Rate Limiting in System Design

Rate Limiting is a technique used in system architecture to regulate how quickly a system processes or serves incoming requests or actions. It limits the quantity or frequency of client requests to prevent overload, maintain stability, and ensure fair resource distribution.

Reduces the risk of resource abuse and denial-of-service (DoS) attacks, improving performance, reliability, and security.
Used in web servers, APIs, network traffic management, and database access, with examples like AWS API Gateway throttling, AWS WAF, Azure API Management rate limiting and quota policies, and GCP API Gateway quota policies.
Ensures fair resource usage among multiple users and improves overall system reliability and performance.

Example: An API allows only 100 requests per minute per user. If a user exceeds this limit, further requests are temporarily blocked or delayed to protect the system.

what_is_rate_limiting_11 — Rate Limiting

Use Cases

Rate limiting is used in various systems to control request traffic, prevent abuse, and ensure fair and stable use of resources.

API Rate Limiting: APIs commonly employ rate limitation to control the volume of client requests, ensure fair access to resources, and prevent abuse.
Web Server Rate Limiting: Web servers employ rate limitation as a defense against denial-of-service attacks and to prevent server overload.
Database Rate limitation: To keep the database server from experiencing undue strain and to preserve database performance, rate limitation is applied to database queries.
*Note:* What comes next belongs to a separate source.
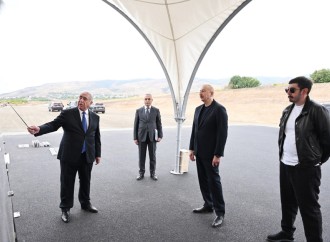 Prezident İlham Əliyev Ağdam-Əsgəran-Xocalı-Xankəndi avtomobil yolunda aparılan işlərlə tanış olub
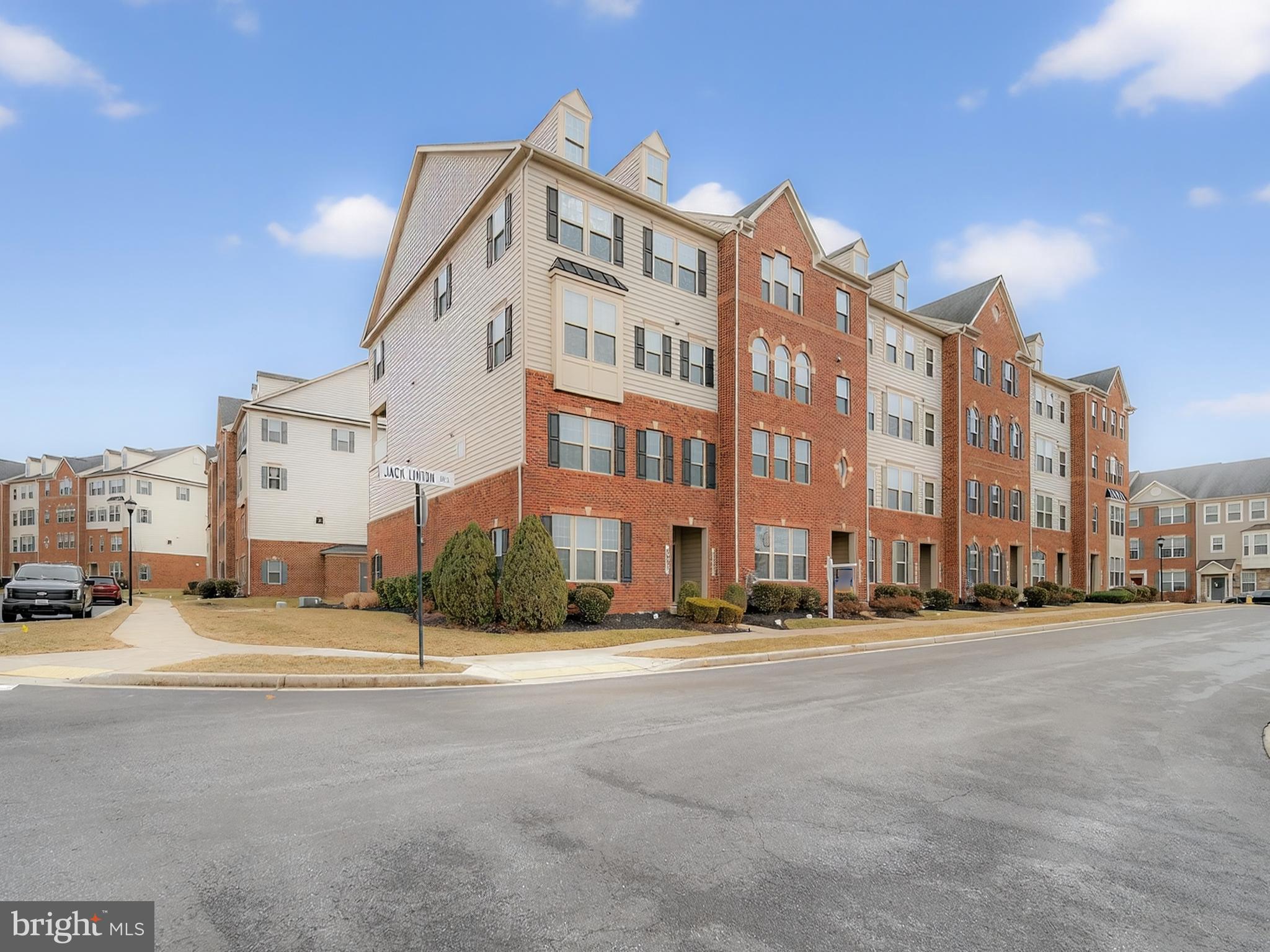 BALLENGER CREEK - Residential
For instance, to avoid resource exhaustion and guarantee seamless functioning, an e-commerce website can restrict the quantity of database queries per user.
Login Rate restriction: To stop password guessing and brute-force assaults, login systems employ rate restriction. Systems can prevent unwanted access by restricting the quantity of login attempts made by each person or IP address.

Types

Different approaches are used to control and regulate the number of requests a user or client can make to a system within a specified time period.

1. IP-based Rate Limiting

This technique limits the number of requests a client can make based on their IP address within a specific time period. It is commonly used to prevent abuse like bots and denial-of-service attacks.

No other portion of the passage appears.